Although humpback whales are among the best-studied of the large whales, population boundaries in the Southern Hemisphere (SH) have remained largely untested. We assess population structure of SH humpback whales using 1,527 samples collected from whales at fourteen sampling sites within the Southwestern and Southeastern Atlantic, the Southwestern Indian Ocean, and Northern Indian Ocean (Breeding Stocks A, B, C and X, respectively). Evaluation of mtDNA population structure and migration rates was carried out under different statistical frameworks. Using all genetic evidence, the results suggest significant degrees of population structure between all ocean basins, with the Southwestern and Northern Indian Ocean most differentiated from each other. Effective migration rates were highest between the Southeastern Atlantic and the Southwestern Indian Ocean, followed by rates within the Southeastern Atlantic, and the lowest between the Southwestern and Northern Indian Ocean. At finer scales, very low gene flow was detected between the two neighbouring sub-regions in the Southeastern Atlantic, compared to high gene flow for whales within the Southwestern Indian Ocean. Our genetic results support the current management designations proposed by the International Whaling Commission of Breeding Stocks A, B, C, and X as four strongly structured populations. The population structure patterns found in this study are likely to have been influenced by a combination of long-term maternally directed fidelity of migratory destinations, along with other ecological and oceanographic features in the region.

Estimates of relatedness in groups of humpback whales (Megaptera novaeangliae) on two wintering grounds of the Southern Hemisphere.

Group formation in humpback whales has been described in relation to different components of the migratory cycle, yet it is debated whether such groups represent real social bonding or ephemeral aggregations. Cooperative behaviours are exhibited during feeding activities, and it has been suggested that males may cooperate during competition for mates. Since most cooperative behaviours are expected to originate among kin, genetic relatedness represents a critical variable in the understanding of any social phenomenon, especially when cooperation cannot be confirmed unequivocally. Using an approach combining multi-locus microsatellite genotyping and several genetic relatedness estimators, we analyzed whale associations for two different wintering grounds in the Southern Hemisphere. The analyses included 648 whales sampled from 292 groups off the coast of Gabon and Northeast Madagascar, and screened for eleven microsatellite loci. Through simulations, we assessed the performance of three pairwise relatedness estimators. The individuals were molecularly sexed and their associations were investigated in the context of sex and group type. No significant association among relatives was found with the exception of mother-offspring pairs, supporting previous indications of extended maternal care. The analysis from the Gabon population also suggests that related males may avoid each other during competitive activities. Our results demonstrate that if cooperative behaviours occur on wintering grounds they are not favoured by kin selection.
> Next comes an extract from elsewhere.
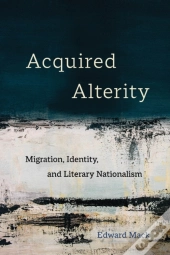 Acquired Alterity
Against the current: an inter-oceanic whale migration event.

Humpback whales seasonally migrate long distances between tropical and polar regions. However, inter-oceanic exchange is rare and difficult to document. Using skin biopsy samples collected in the Indian Ocean and in the South Atlantic Ocean, and a genetic capture-recapture approach based on microsatellite genotyping, we were able to reveal the first direct genetic evidence of the inter-oceanic migration of a male humpback whale. This exceptional migration to wintering grounds of two different ocean basins questions traditional notions of fidelity to an ocean basin, and demonstrates how the behaviour of highly mobile species may be elucidated from combining genetics with long-term field studies. Our finding has implications for management of humpback whale populations, as well as for hypotheses concerning cultural transmission of behaviour.